- British quad poster
- Directed by: Ákos Ráthonyi
- Written by: Basil Dawson Egon Eis
- Based on: the novel The Daffodil Mystery by Edgar Wallace
- Produced by: Steven Pallos Donald Taylor
- Starring: William Lucas Joachim Fuchsberger Christopher Lee
- Cinematography: Desmond Dickinson
- Edited by: Peter Taylor
- Music by: Keith Papworth
- Production companies: Omnia Pictures Ltd., Rialto Film
- Distributed by: Prisma Filmverleih
- Release date: 17 August 1961;
- Running time: 97 minutes
- Countries: United Kingdom West Germany
- Languages: English German

= The Devil's Daffodil =

1961 film by Ákos Ráthonyi

The Devil's Daffodil (also known as Daffodil Killer or Das Geheimnis der gelben Narzissen/ Secret of the Yellow Daffodils) is a 1961 British-West German black-and-white crime film directed by Ákos Ráthonyi. The film was produced in an English and a German version, starring different actors in the lead roles but otherwise featuring an almost identical cast and crew. It starred William Lucas in the English version and Joachim Fuchsberger in the German one.

==Cast==

| Actor British version | Role | Actor German version |
|---|---|---|
| William Lucas | Jack Tarling | Joachim Fuchsberger |
| Penelope Horner | Anne Rider | Sabina Sesselmann |
| Ingrid van Bergen | Gloria Lyne | Ingrid van Bergen |
| Albert Lieven | Raymond Lyne | Albert Lieven |
| Jan Hendriks | Charles | Jan Hendriks |
| Marius Goring | Oliver Milburgh | Marius Goring |
| Peter Illing | Mr. (Jan) Putek | Peter Illing |
| Walter Gotell | Supt. Whiteside | Walter Gotell |
| Christopher Lee | Ling Chu | Christopher Lee |
| Colin Jeavons | Peter Keene | Klaus Kinski |

==Production==
The film is based on the novel The Daffodil Mystery by Edgar Wallace. It was adapted for film by Egon Eis. The screenplay was written by Basil Dawson and Donald Taylor. The German dialogue was written by Horst Wendlandt and Gerhard F. Hummel. Wendlandt was also co-producer along with Preben Philipsen (both of Rialto Film).

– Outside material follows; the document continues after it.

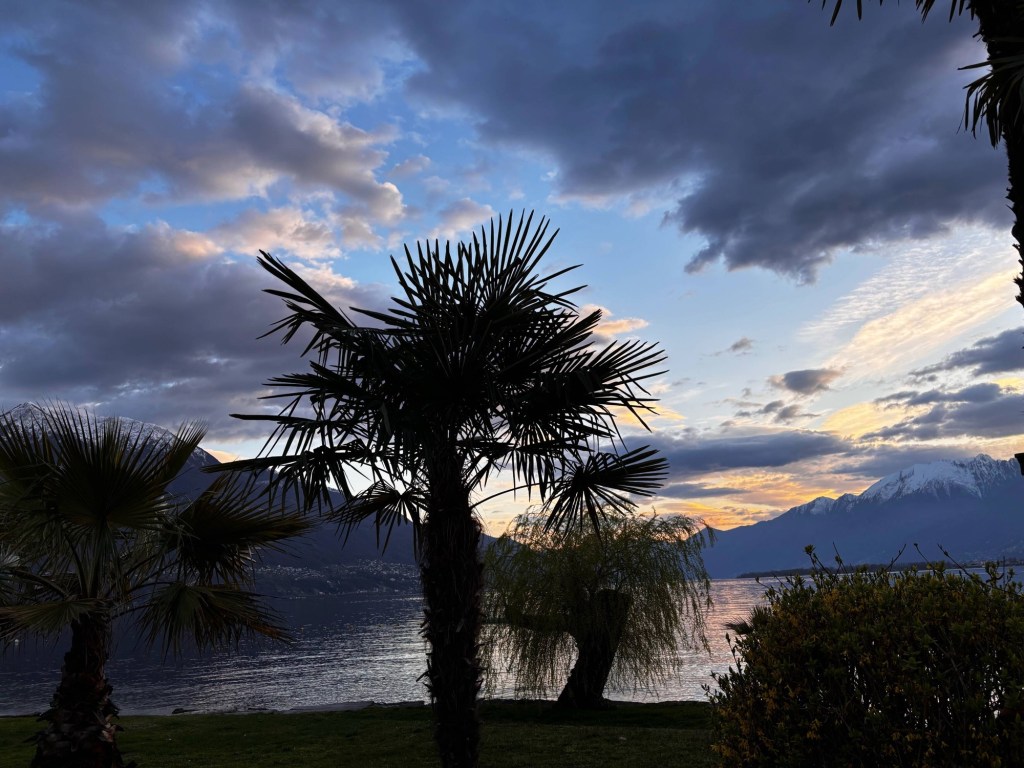 Urlaub mit Hund in Tenero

Cinematography took place in April and May 1961 in London and environments. The studio was Shepperton Studios/Middlesex.

==Reception==
In Germany, the FSK gave the film a rating of "16 and up" and found it not appropriate for screenings on public holidays. The German version premiered on 21 July 1961.